The checkpoints example is illustrative and I’ll take that into account when doing initial design work that plugin interfaces can be made to exist which would allow you to do that. My goal is not to preclude behavior, but to have some set of X, Y, and Z behaviors which I feel are appropriate, generalizable, and sufficiently mature that I’m committing to its maintenance long-term.
The bits below are to provide you my thought process and context, no negative feelings or opinions at all. Please read in that spirit that I want to make sure there’s light shined onto why I think this way as a maintainer trying to provide a great user experience.

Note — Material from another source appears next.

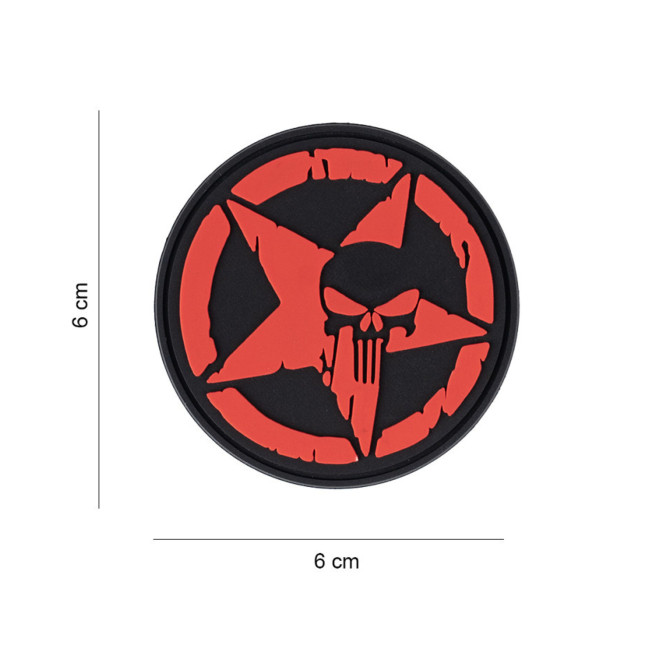 Patch 3D PVC Punisher allied star rossa - 101 Inc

That’s not to say that others cannot use those interfaces and plugins to make the behavior they’re looking for. Its just that multi-robot scheduling, planning, and coordination is a wide field and there’s no single class of method that works for a broad enough distribution the user-base. The example you show is still largely single-robot planning with some business logic to stop to ask if continuing is cool - I think that’s a totally doable thing here, but that doesn’t help the person trying to do centralized coordination of a massive fleet nor decentralized active traffic management when other robots come into their zones. When I say “Nav2 supports all types of robots”, its because I and the working group have spent years building new planners, controllers, and capabilities to support that cross-section of circular/non-circular, differential, omnidirectional, ackermann, and arbitrary kinematic robot base types.

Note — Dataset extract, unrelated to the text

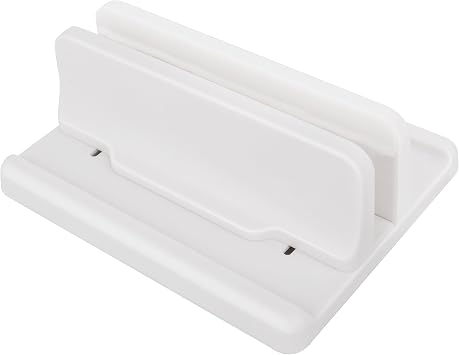 Vertical Laptop Stand, Adjustable, Laptop Holder ABS 1 Slot Easy to Assemble and Adjust Maximize on Desktop Space Durable Stable White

I don’t want to be put in a situation where I open the can of worms by making a statement that “Nav2 supports multi-robot navigation” and I’m becoming flooded with tickets / requests / complaints that I don’t support what they need (and on the surface is an absolutely reasonable capability request) and that I’ve said something deceptive or untrue in their opinion. That’s a bad user experience and what’s scientifically speaking referred to as “a bad time” for myself. I could easily see a world where if I committed to providing the level of behavior and cross-section of algorithms for multi-robot navigation as I’ve worked hard to provide in other areas, that could consume the next 3-5 years of my active development time - and that’s simply not our goals or aims at this moment. I’m not saying it won’t ever be, but isn’t today.

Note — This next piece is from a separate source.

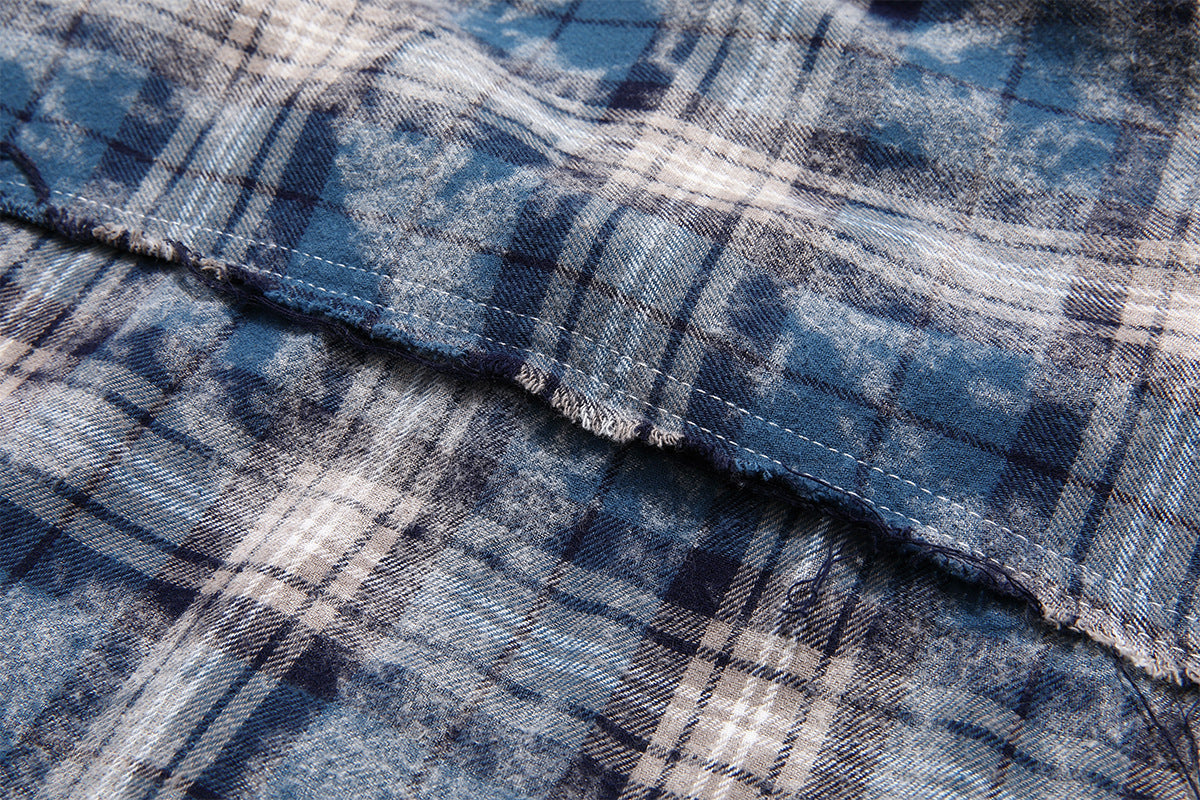 Plaid Washed Fringe Long Sleeve Shirt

Additionally, the types of companies that are looking for multi-robot scheduling / coordination / planning are typically well-funded (due to being extremely profitable) with highly capable engineers working on such problems. A 1% change in performance of the fleet based on that multi-robot layer can result in millions of dollars of saved money for a client. As a result, I almost assume that a layer like that provides mere tutorial value for students and initial prototype value for startups since they will need to create something bespoke for their needs shortly after to compete in the growing market. When we work on adding a new significant capability to Nav2, its important to me that this is not a research-quality capability and this is ready for prime-time and can/should be used by companies in their production environments.
The problem that Open-RMF looks to solve is slightly different and more naturally lends itself to open-source development. Since we’re not trying to optimally coordinate a fleet but trying to handle discrepancies and issues between fleets, that indeed is something of interest and non-tutorial non-prototype level utility if made well. However the point above remains that I don’t want to make a statement about multi-robot-ing in Nav2, but that does not mean that I don’t think the stuff in Nav2 cannot be used in that way or that we should not consider those applications in our designs. But the plugins and specific developments to support it I believe should live somewhere outside of the main stack as to not draw in inappropriate conclusions from passive bystanders (e.g. navigation2_auxiliary
, navigation2_multirobot
, or part of Open-RMF’s organization). There are indeed intentional choices made already within Nav2 with an eye for needs of multi-robot users, but its notable that I never outright mention it. This is a very intentional decision until such a time when we can commit to providing and supporting for the long term the cross-section of common user needs in multi-robot fleet management within the Nav2 ecosystem’s core (multi-fleet coordination, centralized and decentralized fleet planning, fleet planning on graphs and freespace).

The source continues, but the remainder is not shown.